Hi,
Firstly, it's essential to grasp the concept of an Autoregressive Model.
Many observed time series exhibit serial autocorrelation; that is, linear association between lagged observations. This suggests past observations might predict current observations. The autoregressive (AR) process models the conditional mean of 'yt' as a function of past observations, 'yt−1','yt−2',…,'yt−p'. An AR process that depends on 'p' past observations is called an AR model of degree 'p', denoted by AR(p).
Autoregressive Image Modeling (AIM) uses the same approach but on image pixels as data points.

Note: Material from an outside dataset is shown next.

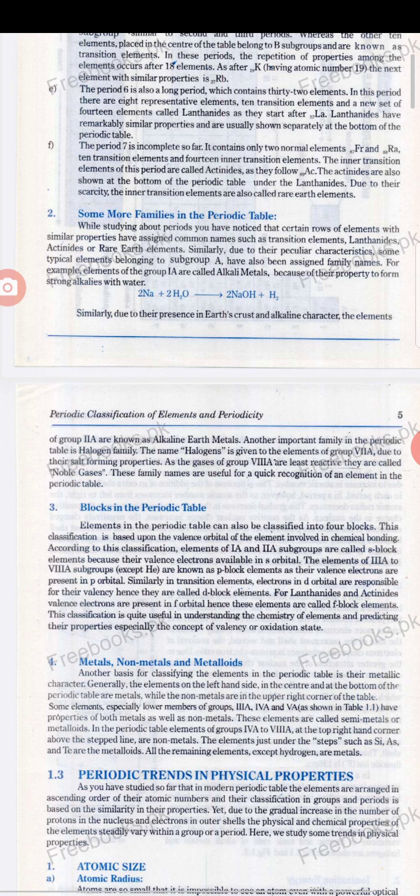Let us discuss the families in the periodic table — block division, metals, non-metals, and metalloids of the elements of the periodic table. While studying the periodic table, we have noticed that certain groups of elements with similar properties have been assigned common names, such as transition elements, lanthanoids, actinoids, and rare earth elements, due to their peculiar properties.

The approach divides the image into segments and treats the segments as a sequence of data points. The model learns to predict the next image segment given the previous data point. Mathematically, AR models treat an image as a sequence of pixels and represent its probability as the product of the conditional probabilities of all pixels.
Now, in order to apply Autoregression on an image, you can follow the steps as I have illustrated in an example code snippet below:
image = imread('cameraman.tif');
- Define AR parameters and estimate AR coefficients, and use it to construct a prediction image.
[rows, cols] = size(image);
predicted_image = zeros(rows, cols);
half_window = floor(neighborhood_size / 2);
for i = (1 + half_window):(rows - half_window)
for j = (1 + half_window):(cols - half_window)
neighborhood = image((i-half_window):(i+half_window), (j-half_window):(j+half_window));
neighborhood_vector = neighborhood(:);
X = neighborhood_vector([1:4, 6:9]);
y = neighborhood_vector(5);
predicted_pixel = X' * coeff';
predicted_image(i, j) = predicted_pixel;
- Visualize and compare the original image with reconstructed image.
error_image = image - predicted_image;
imshow(uint8(predicted_image));
title('Predicted Image');
imshow(uint8(error_image));
title('Prediction Error');
I hope this will address your query.